Be honest — you just smiled a little
It’s 2014 so clearly this is the perfect time to take a look back at the classic sword ’n’ sorcery epic The Beastmaster (1982) and see if it’s as good as we thought it was back in the day. There’s only one problem — I never actually saw The Beastmaster until just this week.
I know. That barely seems possible. I would have been 12 years old when Beastmaster came out and had I seen it then it would have rocked my world (assuming I could have made it through the scary parts that is). How did I miss it considering that it played on “Pay TV” and cable so often that the unofficial meaning of HBO was “Hey Beastmaster ’s on”?
Today this well-loved Conan ripoff strikes me as extremely juvenile — a bit of a surprise for the psychic remnants of my 1982 self since back then I assumed anything filled with titties and blood must necessarily be “mature.” (Real maturity is a concept completely incomprehensible to those who lack it.) The Beastmaster is a cliché-riddled nonsensical male power fantasy and I’m a bit ashamed of how much I would have dug it as a preteen.

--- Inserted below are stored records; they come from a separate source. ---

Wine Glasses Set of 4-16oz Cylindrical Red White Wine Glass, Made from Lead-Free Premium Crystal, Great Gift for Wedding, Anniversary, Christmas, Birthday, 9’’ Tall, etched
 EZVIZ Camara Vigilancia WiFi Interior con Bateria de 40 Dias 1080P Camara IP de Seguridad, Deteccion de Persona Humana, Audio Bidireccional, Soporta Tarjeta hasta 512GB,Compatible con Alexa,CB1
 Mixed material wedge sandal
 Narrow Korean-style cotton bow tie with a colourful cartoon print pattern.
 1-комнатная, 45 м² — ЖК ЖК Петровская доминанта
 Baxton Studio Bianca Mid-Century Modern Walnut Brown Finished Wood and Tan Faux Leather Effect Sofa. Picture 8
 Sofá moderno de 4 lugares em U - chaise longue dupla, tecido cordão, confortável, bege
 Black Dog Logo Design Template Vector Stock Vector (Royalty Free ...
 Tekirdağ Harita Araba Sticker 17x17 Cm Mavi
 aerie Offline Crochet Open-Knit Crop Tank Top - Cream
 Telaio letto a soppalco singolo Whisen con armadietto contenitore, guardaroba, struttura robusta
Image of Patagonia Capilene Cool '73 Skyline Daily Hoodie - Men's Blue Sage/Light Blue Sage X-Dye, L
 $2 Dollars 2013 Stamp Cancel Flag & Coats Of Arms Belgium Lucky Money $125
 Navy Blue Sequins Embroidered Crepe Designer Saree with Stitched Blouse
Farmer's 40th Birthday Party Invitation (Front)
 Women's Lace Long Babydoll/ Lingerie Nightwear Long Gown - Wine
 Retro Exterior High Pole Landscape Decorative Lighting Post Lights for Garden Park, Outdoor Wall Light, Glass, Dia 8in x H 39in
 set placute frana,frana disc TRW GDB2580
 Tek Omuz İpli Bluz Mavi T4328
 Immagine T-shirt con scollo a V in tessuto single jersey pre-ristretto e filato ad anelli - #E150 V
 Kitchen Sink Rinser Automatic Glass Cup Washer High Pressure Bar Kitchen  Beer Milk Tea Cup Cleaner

Perhaps you know the story. (I did just from playing with other kids who knew the movie. It sounded amazing.) An evil wizard named Maax (Rip Torn) receives a prophecy that he will eventually be slain by the son of a king. (The prophecy by the way is delivered by a trio of bare-bottomed witches who all have gorgeous bodies but repulsive faces.) Maax attempts to nip things in the bud by magically stealing the royal fetus before it’s even born. One of the hot-from-the-neck-down witches magically zaps the fetus into a cow cuts it out of the bovine womb brands it with a hot iron for no reason and prepares to kill it only to get impaled at the last minute by a boomerang. The kindly man who boomerang-rescued the baby adopts it as his own naming him Dar. As he matures Dar (Marc Singer of V fame) learns that he has a psychic bond with animals allowing him to command them and to see through their eyes. Handy! So yeah that’s why he’s the Beastmaster.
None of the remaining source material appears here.